C’est une affaire qui, sans être passée inaperçue, avait éclaté dans l’ombre de l’affaire DSK. En mai 2011, Georges Tron, maire de Draveil (Essonne) et Secrétaire d’Etat chargé de la fonction publique est visé par une plainte de deux de ses employées pour viol et agressions sexuelles. Après un premier acquittement en 2018 par la cour d’assises, le procès en appel initié par le parquet a commencé à la fin du mois, pour quatre semaines d’audience. Dans l’histoire de la Vème République, Georges Tron est le second membre d’un gouvernement à comparaître devant la cour d’assises, après… Maurice Papon.

Depuis 10 ans et leur dépôt de plainte, Virginie Ettel et Eva Loubrieu ont subi une longue traversée du désert juridique. Intimidées et même menacées, elles doivent une fois de plus faire face à leurs deux agresseurs présumés. Présumés innocents, les deux accusés nient toujours aussi farouchement les accusations. Reste que plusieurs éléments choquants notés par l’enquête et les témoignages posent de sérieuses questions sur les abus de pouvoir dont Georges Tron aurait usé pour exploiter sexuellement ses employées, notamment sa passion pour la réflexologie plantaire.
“Très rapidement, ce n’était plus des massages des pieds”
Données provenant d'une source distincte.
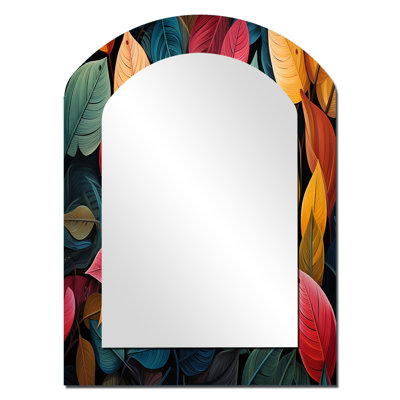 Abstract Leaves Wilderness Collage - Leaves Asymmetrical Unique Mirror, Traditional Arch Large Wall Mirror, Printed Metal Art
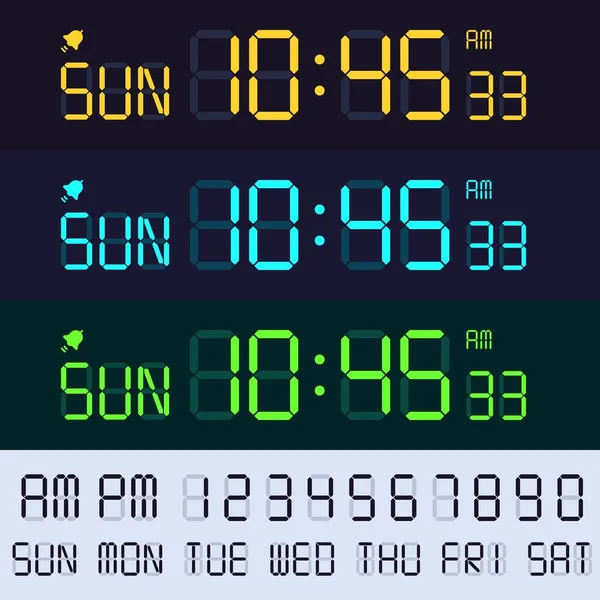Reloj despertador lcd display de fuente. Relojes electrónicos números, horas y minutos de pantalla digital. Retro pantalla de texto vector conjunto — Vector de stock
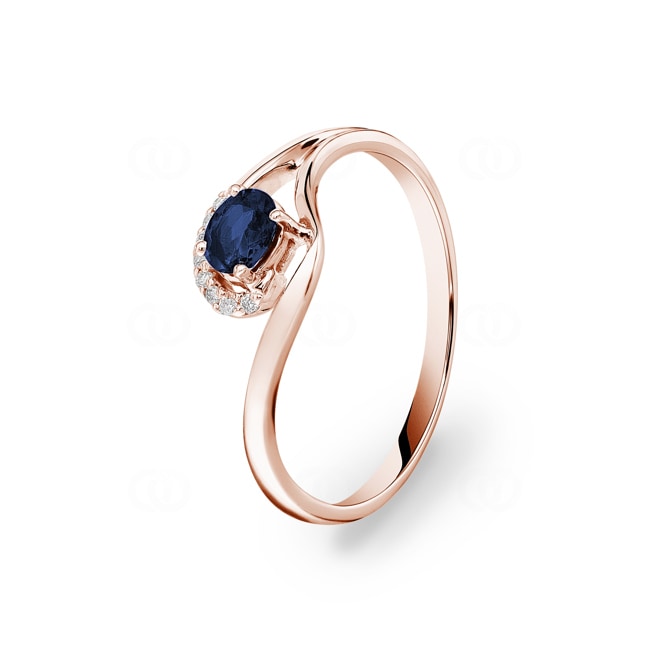 Sapphire Ring 750/18 K Rose Gold with Diamonds 0.03 ct H/si - RI-45889-SAF-RG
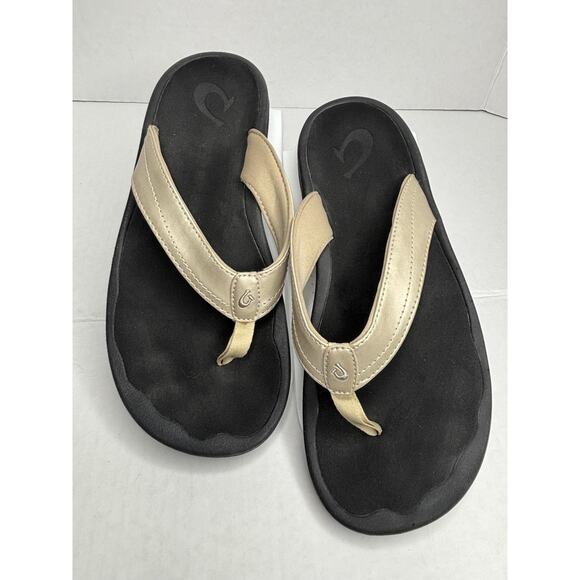 OOFOS OHANA Womans Flip Flop Sandals Champagne/Pearl Color Sz 8/38. - Picture 2 of 6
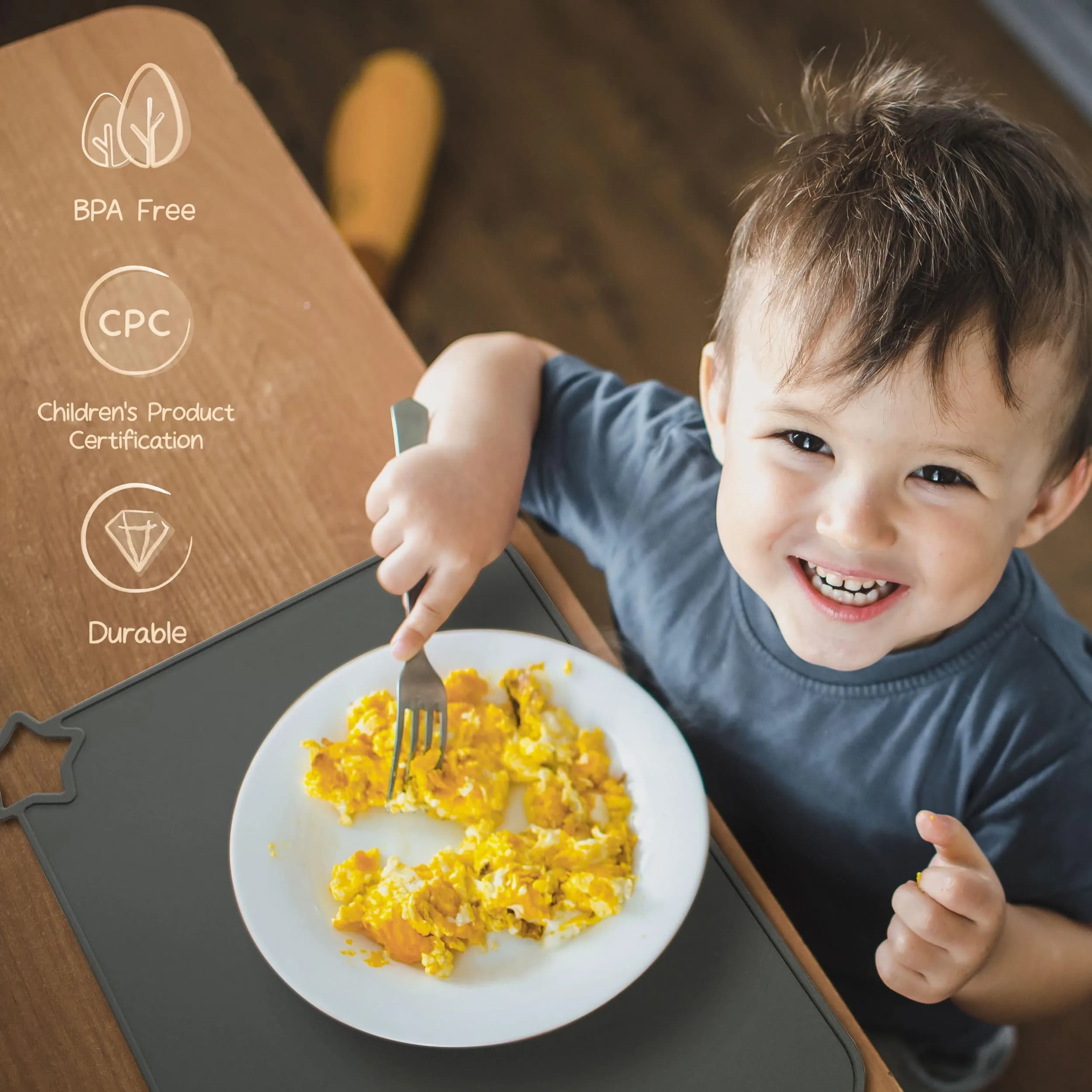 Moonkie Silicone Placemats for Baby & Kid, 2 Packs, 40cm x 30cm (15.7" x 11.7") | Stain-Proof, Non-Slip Toddler Food Mats - view 2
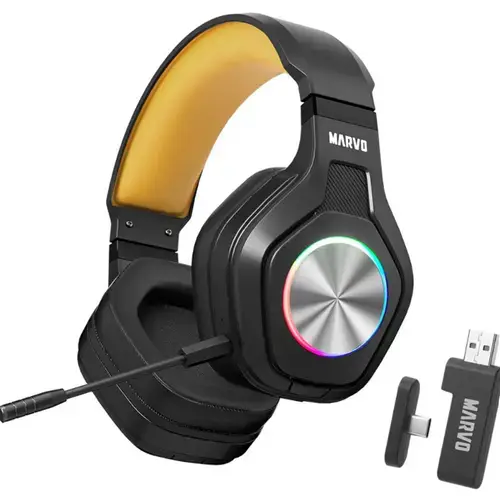 Casti Gaming Marvo HG9084W Pulz 80W, Wireless 2.4 Ghz, Bluetooth, iluminare RGB (Negru)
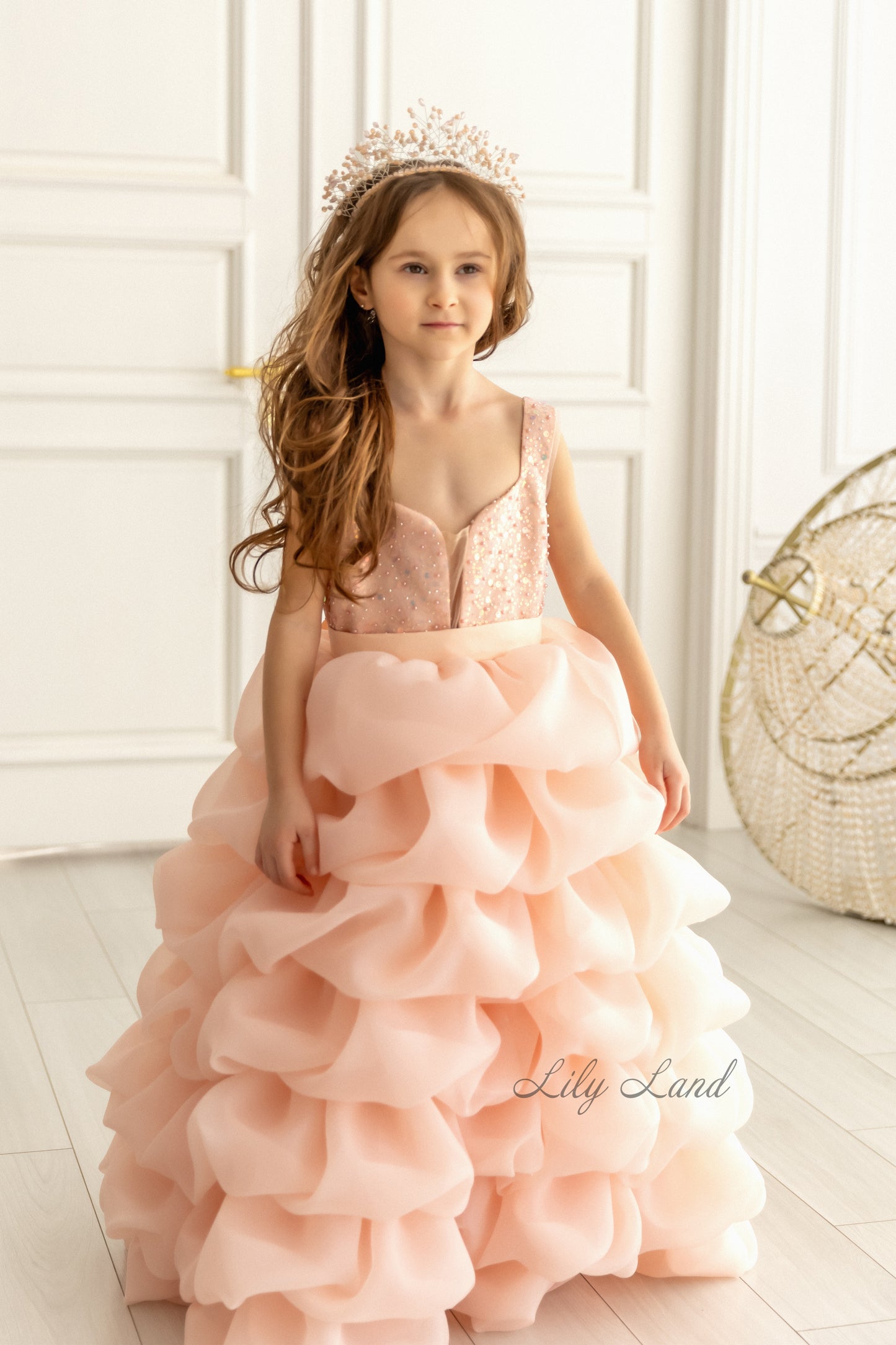 Rosalyn Girl Dress in Peach with Long Train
Les pieds : c’est de là que toute cette affaire a commencé. Georges Tron est connu au sein de sa famille politique pour être un adepte de la réflexologie plantaire. Il était même surnommé au RPR (maintenant LR) “le masseur chinois”. Mais dans les accusations portées par ses deux ex-employées, le maire de Draveil ne s’arrêtait pas à la thérapie. Au contraire, les pieds sont, dans chaque cas, le début de l’emprise de l’édile sur ses victimes.
Eva Loubrieu raconte que cela a commencé dès son arrivée à la mairie. Georges Tron se montre plus que cordial avec elle, l’invitant à plusieurs salons et autres lieux mondains. Il se montre de plus en plus proche et tactile avec la jeune femme jusqu’à un déjeuner avec d’autres convives dans un restaurant japonais : Assis en face d’elle, “il attrape mon pied, défait ma chaussure, le met sur sa cuisse et me masse le pied pendant le repas”, raconte Eva Loubrieu. ”Je suis dans l’incapacité de bouger. Ça me semble impossible de dire quoi que ce soit.” La double figure d’autorité du député-maire paralyse Eva. Il la convoque peu de temps après dans son bureau où, pièce fermée à clé, il lui prodigue sans son consentement un massage du pied tout en lui parlant de réflexologie plantaire :”Il s’installe un début de relation affective. Nous nous embrassons, mais je dois rester dans une forme de retrait, ne pas le toucher, ne pas bouger”, affirme-t-elle. Devant les juges, elle dit avoir subi une pénétration digitale dès décembre 2006.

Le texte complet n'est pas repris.